The Energy industry has always been defined by its cycles, but today we are witnessing a convergence unlike any other. As global leaders gather for CERAWeek, the conversation is no longer just about the price of a barrel or the pace of the energy transition—it is about the rapid integration of artificial intelligence into an infrastructure that was never designed for it.

Seasoned Energy executives know that stability is an illusion. Geopolitical shifts and economic nationalism are fracturing supply chains, while the dual mandate to fund low-carbon initiatives and maintain legacy assets creates a permanent squeeze on working capital. To thrive, companies must adopt a "$50 barrel mindset": the relentless pursuit of lean, disciplined operations that treat every dollar of waste as a lost opportunity for future investment.

The challenge is that most digital transformation efforts haven’t moved the needle on the P&L. We’ve spent years building "digital toys"—pilot programs and isolated AI experiments—that fail to scale because they lack a fundamental understanding of the "ground truth" of business operations. To move from experimental AI to industrialized performance, we must master our operations at the process level but connected enterprise-wide.

The high cost of the "digital disconnect"

For decades, the industry has relied on a combination of siloed ERP systems, tribal knowledge, and an endless sea of spreadsheets. This fragmented landscape has created a "great disconnect." When a compressor goes down in the field, the financial impact isn't just the cost of the spare part; it’s the $5 million a day in lost production. Yet, in many organizations, the Maintenance, Procurement, and Finance departments speak different languages and operate on different data.

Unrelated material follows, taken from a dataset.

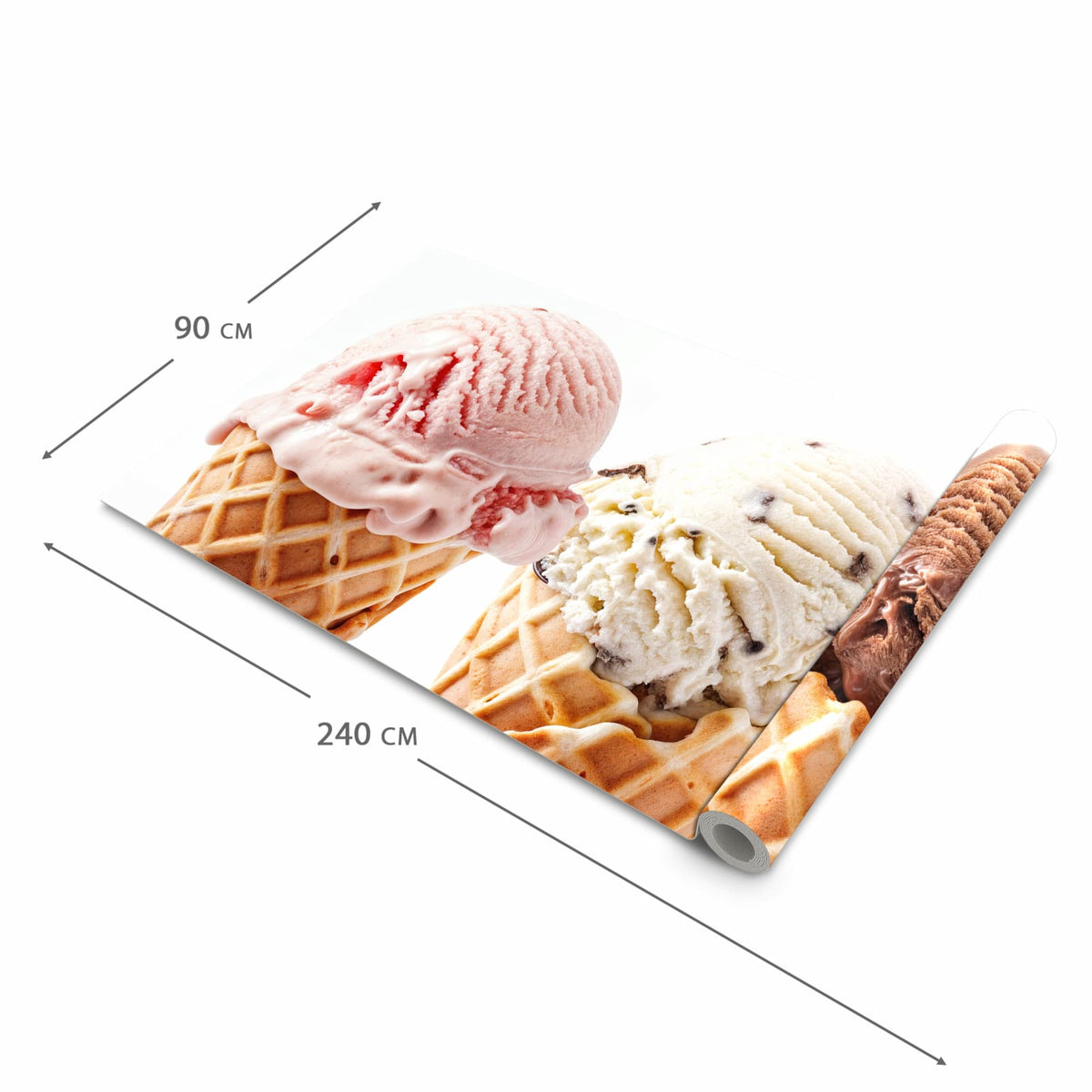 Feuchtigkeitsresistenter Küchenteppich mit Motiv Leckeres Eiscreme Trio in der Grösse 90x180 cm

Traditional business intelligence (BI) and "gut-feel" management are no longer enough to bridge these gaps. AI is often touted as the solution, but AI without process context, reality on the ground, is like a high-performance engine without a roadmap. It might run fast, but it doesn't know where it’s going. Research from firms like McKinsey and Gartner suggests that the primary reason AI initiatives fail in the enterprise is the lack of clean, contextualized data that reflects how work actually flows across departments. In fact, Gartner predicts that by 2026, organizations will abandon 60% of AI projects that are not supported by "AI-ready" data management.

From manual wrangling to maritime optimization

The limits of human-manual optimization have been reached. People can only track so many spreadsheet tabs before the complexity of modern global operations becomes overwhelming. Consider the sheer scale of shipping bulk liquids at an oil & gas supermajor where they are managing the scheduling of hundreds of ships and thousands of different routes. What is at stake is spend measured in billions of dollars and yet the vessel planners are using manual data entry and "best guess" scheduling in spreadsheets.

By using the Celonis Process Intelligence Platform, organizations can create a digital twin of business operations. This isn't just a static map; it’s a living representation of every ship, every route, and every delay. When you feed this "process-ready" data into an AI optimization engine, the results are immediate. What used to take weeks of manual analysis can be optimized in seconds.

This is the essence of industrializing Enterprise AI: creating a system where the AI understands the business rules, the historical bottlenecks, and the real-time constraints of the Supply Chain. McKinsey notes that while 88% of companies are using AI, only 39% report an enterprise-wide EBIT impact. To bridge this gap, Enterprise AI must be transformed from a back-office chatbot into a core component of the operational value chain.

Eliminating mundane tasks, elevating experts

One of the most persistent myths of the AI era is that it will replace the human expert. In the Energy sector, the opposite is true. Industrializing Enterprise AI can elevate the expert by removing the time-consuming, mundane work of data collection and preparation so they can focus on optimizing operations and resolving strategic problems.

In a supply chain crisis, for example, you don't want your high-value people wasting hours hunting for critical information across disconnected databases; you want them to apply their expertise to high-level optimization and build long-term operational resilience.

Process intelligence is the essential context layer that enables people to make faster, more impactful decisions across the entire value chain.

Chasing the money to a positive future state

The path forward for Energy leaders is to "follow the money." Don't start with generalized back-office cost centers where the potential savings are incremental. Instead, target the operational use cases where process friction has the highest financial stakes: Plant Maintenance, Order-to-Cash, and end-to-end Supply Chain.

By industrializing Enterprise AI with process intelligence, you create an organization that is both resilient and agile. This is the Positive Future State: a business that maintains the lean efficiency of a $50 barrel environment even when prices are high, using that captured value to fund the innovations that will define the next fifty years of energy.

As we look toward the future discussed at CERAWeek, the winners will not be those with the largest digital budgets, but those who have the best "digital twin" of their operations—and the process intelligence to make it work.